Rusya-Ukrayna Savaşı, İsrail’in Gazze’ye yönelik saldırıları ve ABD ile Çin arasında oluşan ticaret gerilimleri gibi unsurlar, yatırımcıları “güvenli liman” olarak görülen altına yönlendiren başlıca faktörler arasında yer aldı.
Bireysel yatırımcı talebinin yanı sıra merkez bankalarının alım faaliyetleri, geçen ay altının ons fiyatının 4 bin 300 doların üzerine çıkmasını sağladı. Bu süreçte gram altının değeri de 5 bin 800 lira seviyelerine ulaşarak dikkat çekti.
Altın, finansal yatırım araçlarından ayrışıyor
Küresel olayların etkisiyle birlikte altın, Türkiye İstatistik Kurumu (TÜİK) tarafından reel getirileri incelenen finansal yatırım araçları arasında öne çıktı.
Ekim ayında külçe altın, yıllık bazda yüzde 87,27 nominal getiri elde ederek mevduat faizi, dolar, avro, devlet iç borçlanma senetleri (DİBS) ve BIST 100 endeksi gibi diğer yatırım araçlarını geride bıraktı.
Yıllık bazda TÜFE ile değerlendirildiğinde altının reel getirisi yüzde 40,94, Yİ-ÜFE ile değerlendirildiğinde ise yüzde 47,46 olarak ortaya çıktı.

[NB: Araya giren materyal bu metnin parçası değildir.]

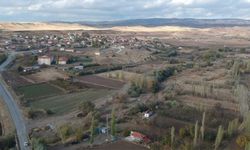 Yozgat Merkeze Bağlı Musabeyliboğazı Köyü'nde Şenlik Heyecanı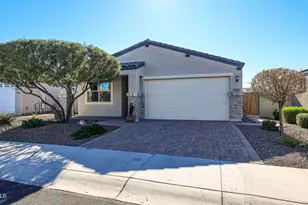 17887 W Hiddenview Dr, Goodyear, AZ 85338 - Photo 3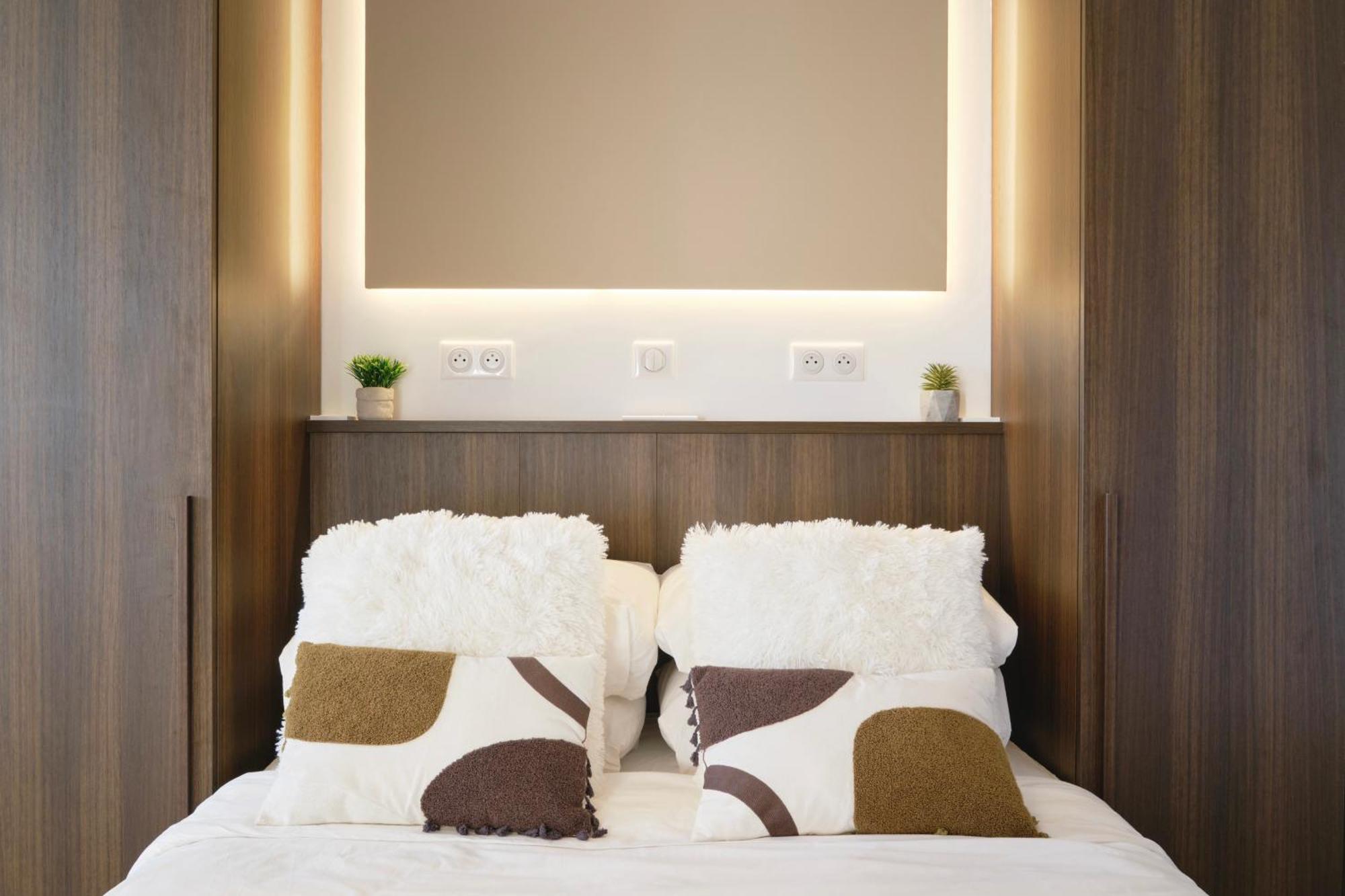 Apartment Heavnstay Croisette Cannes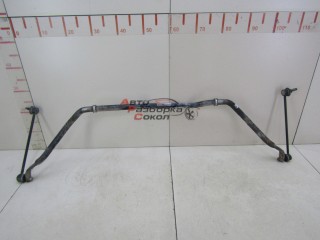 Стабилизатор передний Toyota RAV 4 2000-2005 254743 4881142040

Yİ-ÜFE ile değerlendirildiğinde elde edilen yüzde 47,46’lık kazanç, son 61 ayda altının sağladığı en yüksek reel getiri olarak kayıtlara geçti.
En son Eylül 2020’de yüzde 47,64 civarında bir getiri sağlayan külçe altın, uzun bir süre yüzde 40’ların üzerine çıkamamış ve Kasım 2022’de yıllık bazda yüzde 30’u aşan kayıplara neden olmuştu.
Külçe altın, bu 61 aylık dönemin 26’sında yıllık bazda yatırımcısına reel getiri sağlayamazken, 35 ayında olumlu bir performans sergiledi.
Finansal yatırım araçlarının reel getirilerinin hesaplanmaya başlandığı 1997 yılından bu yana Yİ-ÜFE ile değerlendirildiğinde külçe altının en yüksek reel getirisi, yüzde 54,32 ile Mayıs 2006’da gerçekleşti.